After the “Beast from the East” had prevented their planned visit in March, the two renowned, award-winning authors Margaret Drabble and Caryl Phillips visited UEA on the 25th of October as part of the 2018 Autumn Literary Festival, for what turned out to be a memorable evening full of laughter for the audience. Christopher Bigsby introduces Drabble as a ‘Dame of the British Empire’, and opens the conversation by asking about their experiences of growing up in northern England. Phillips grew up in Leeds and Drabble in Sheffield, and both still feel a deep connection to their hometowns.
Phillips talks about the difficulties of growing up in the only non-white family in a council house with communal toilets. He points out that although his upbringing was not easy and could be seen as traumatic, he did not realise that he had it rough at the time. He explains how it might have been more difficult for his parents, as they used to be a middle class family in the Caribbean before they emigrated to the UK. Drabble on the other hand, explains how even though she grew up in a middle-class family, they were ‘only just’ middle class. She explains how her mother worked hard to give her children a good future. However, this lead to a difficult relationship between the young Margaret and her mother, as the latter was worried her children took the comforts in their lives for granted.
The discussion then moved on to their education. As a young man, Phillips started studying psychology at Oxford because he was ‘very interested in people’. After the first year of study, his adviser suggested to him to maybe study something else, and recommended literature in order to learn about people. Phillips explains how being surrounded by people of different backgrounds shaped him as a person more than the education itself. It was also at Oxford that he made connections to the theatre where he worked as a director and a playwright for many years after graduating. Margaret for her part studied literature at Cambridge, at a time when the study of modern literature did not go past 1937, not including Virginia Woolf and Charles Dickens. She became very involved with the university theatre and moved on to work as an actress after finishing her studies, before fully immersing herself in the literary world.
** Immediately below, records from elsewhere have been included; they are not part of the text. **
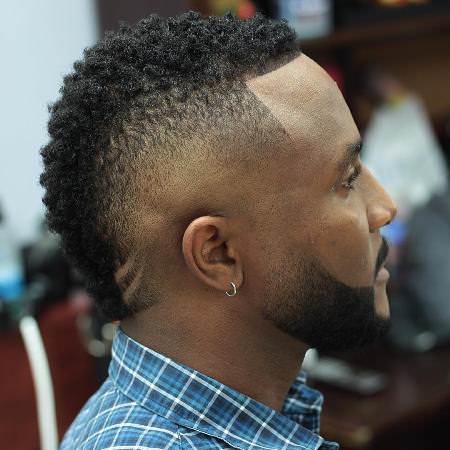 popcorn twists short haircuts for black men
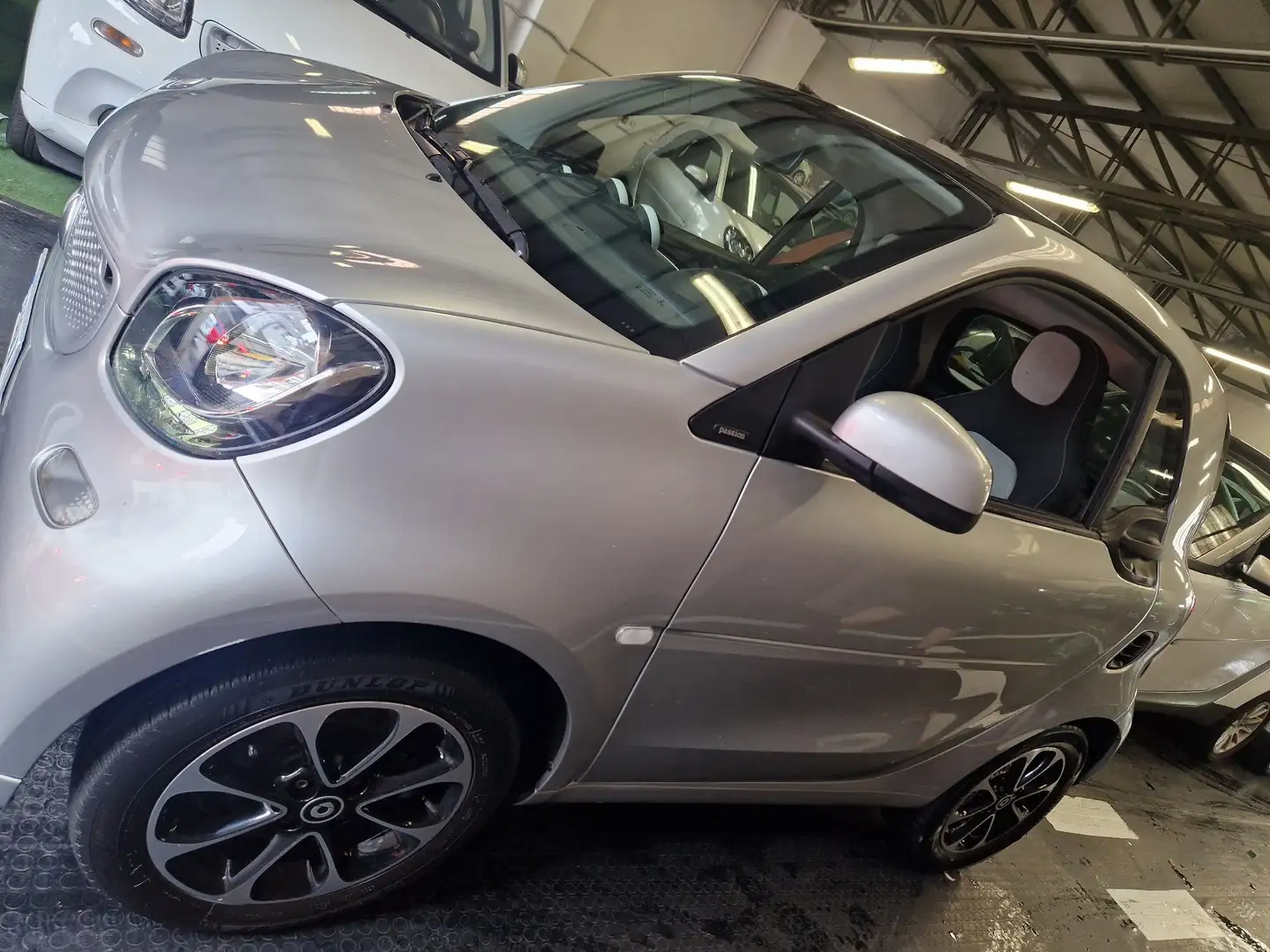 smart forTwo passion automatica full garanzia Argento - 1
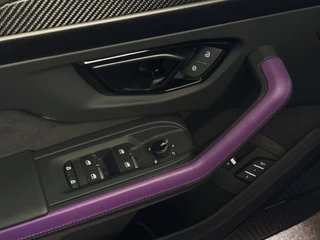 Lamborghini Urus Lamborghini Urus 4.0 V8 HYBRID SE 800 PK B&O CARBON PACK /AD PERSONAM/VIOLA MITHRAS/ PANO / MASSAGE - afbeelding nr 24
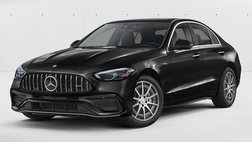 2026 Mercedes-Benz C-Class AMG C 43
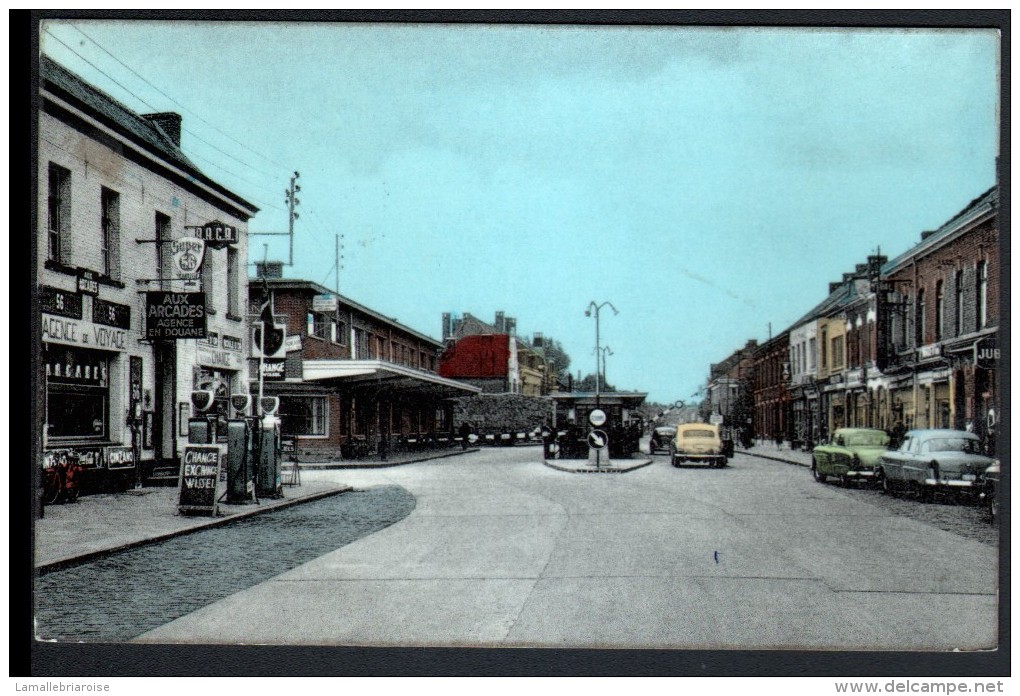 BELGIQUE, QUIEVRAIN, GARE ROUTIERE INTERNATIONALE - Quiévrain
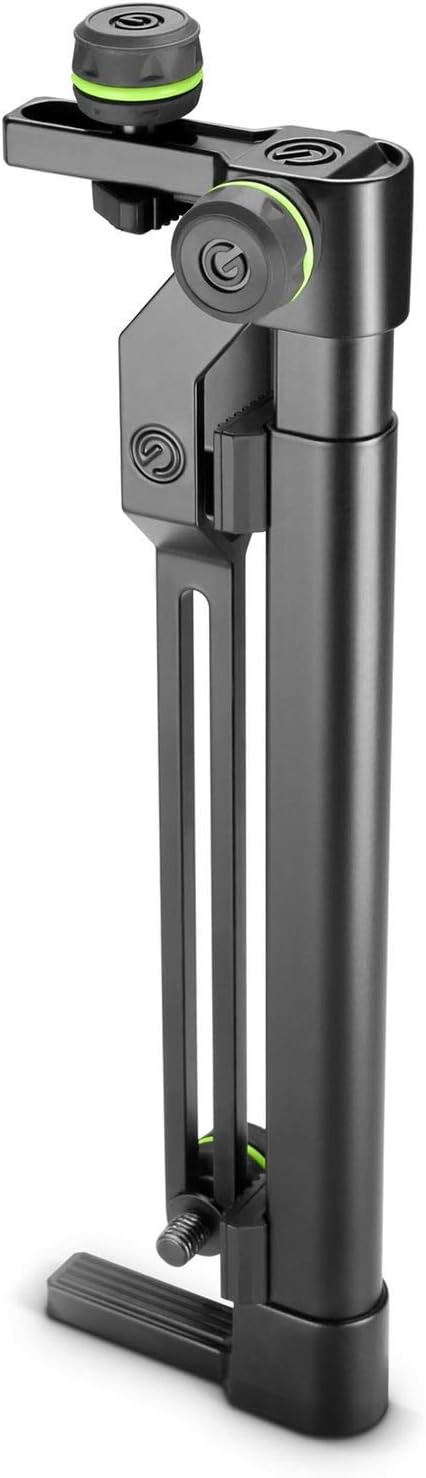 GRAVITY STANDS Clamp-Mic Holder for Guitar Cabs Short Version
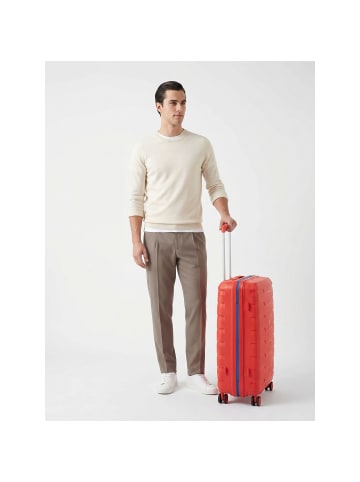 Roncato Skyline 2.0 Neon 4 Rollen Trolley 70 cm in rosso devil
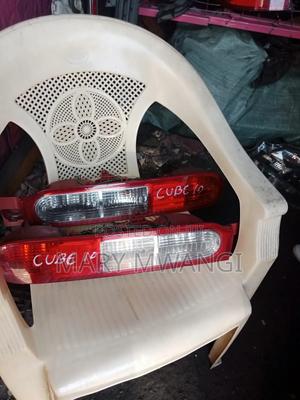 Ex Japan Nissan Cube Taillight - main view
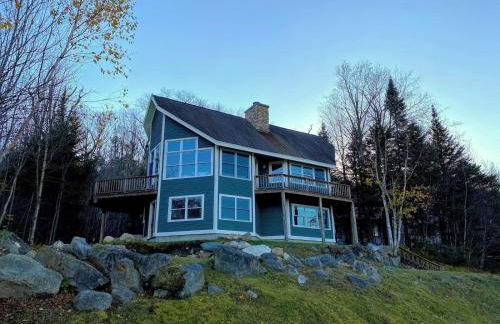 E7 Sunny Bretton Woods private home next to the slopes of Bretton Woods Hot Tub, Wifi - Foto 5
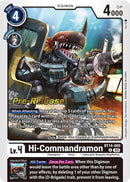 Hi-Commandramon [BT14-060] [Blast Ace Pre-Release Cards] - Destination Retro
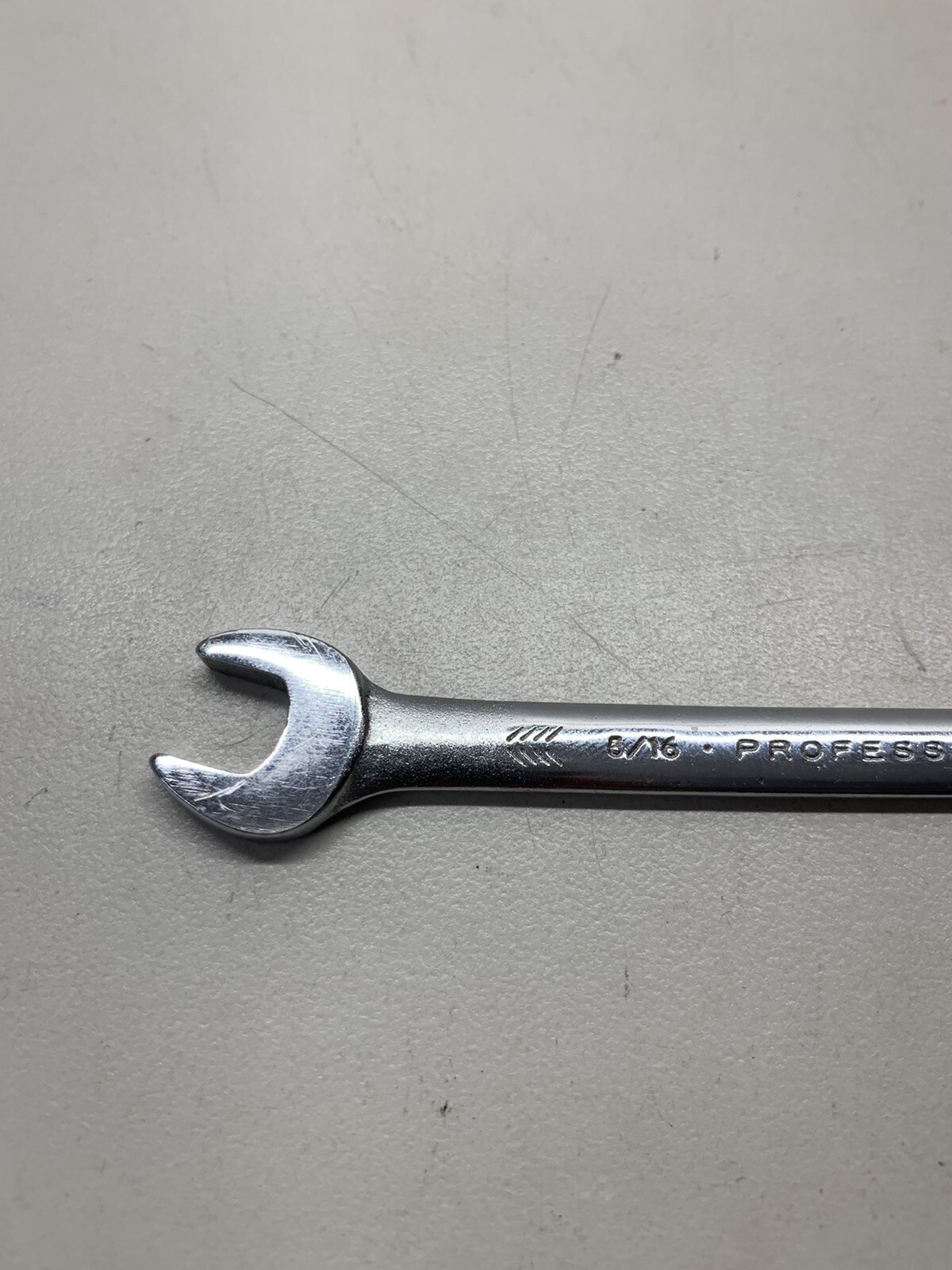 Proto Professional 5/16” 1/4” Open End Wrench 3018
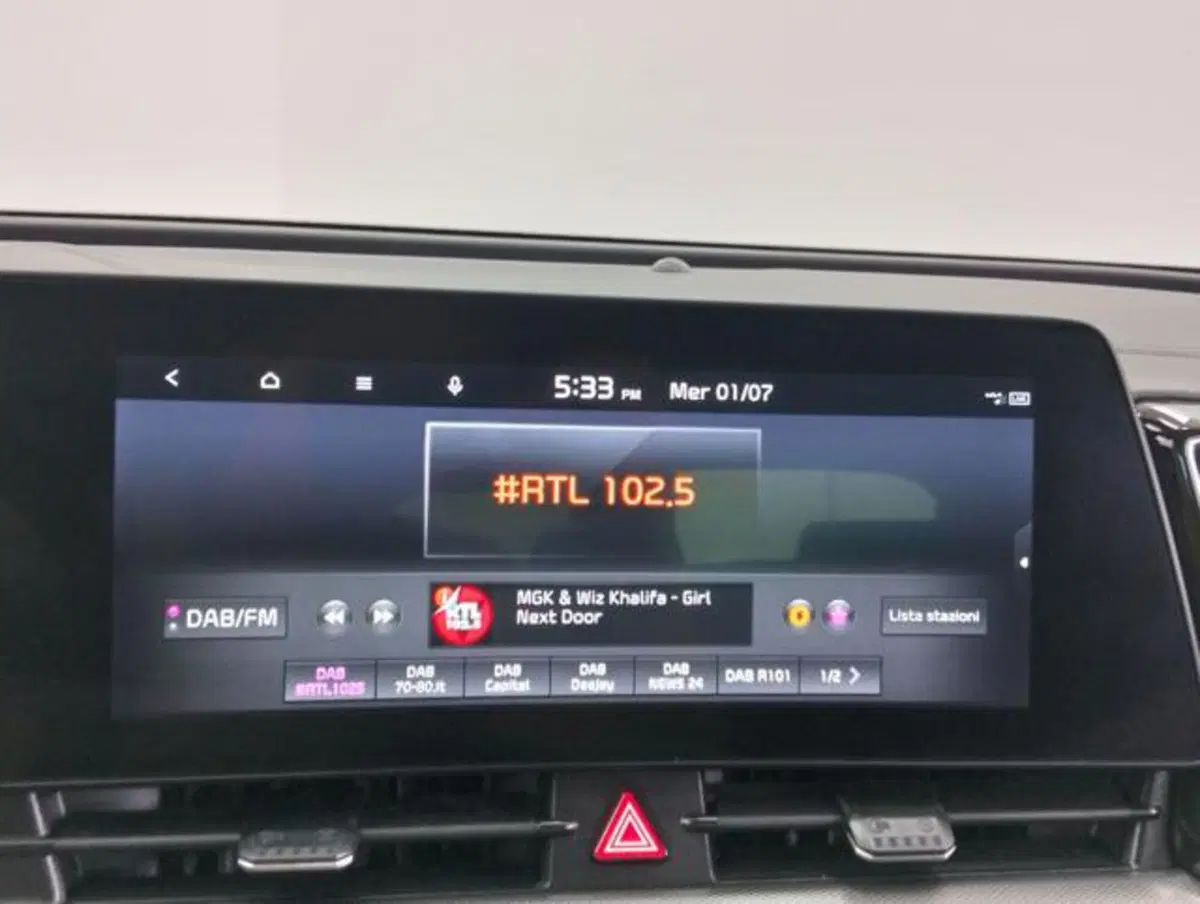 Kia Sportage usata a Como (14)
The authors then talk about how their inspiration to write came through reading certain novels. Phillips explains how Richard Wright’s novel Native Son was important as he had never realised that he could be a writer until he saw a book written by a person of colour. This fact, as well as the cover of the book was what made him feel like he “might belong”. Drabble was inspired by the representation of life in novels, and is now seeking to not only tell stories with her writing, but to also keep a record of how the characters, the world around them, and the social and political circumstances change.
They go on to discuss their latest publications. Drabble’s latest book “The Dark Flood Rises” deals with death and mortality, and tell of the different ways oh how people leave this world. She describes it as a difficult book to write and that she was ‘quite glad’ when she finished it. Furthermore, she talks about how she thinks that our lives are often being extended for too long, which leads to twilight years full of illness and suffering. She explains that ‘it is not a good idea to live forever’, and that she hopes that life will end for more people like it did for her mother, who went to bed in the evening and did not wake up again. Phillip’s latest novel “A view of the empire at sunset: A novel” is the life story of 20th century novelist Jean Rhys. The book was inspired by their shared roots in the Caribbean, and Phillip’s appreciation for Rhys’ literature. The discussion is then drawn to a close and the audience returns into the night, enriched by an entertaining discussion between long-time friends.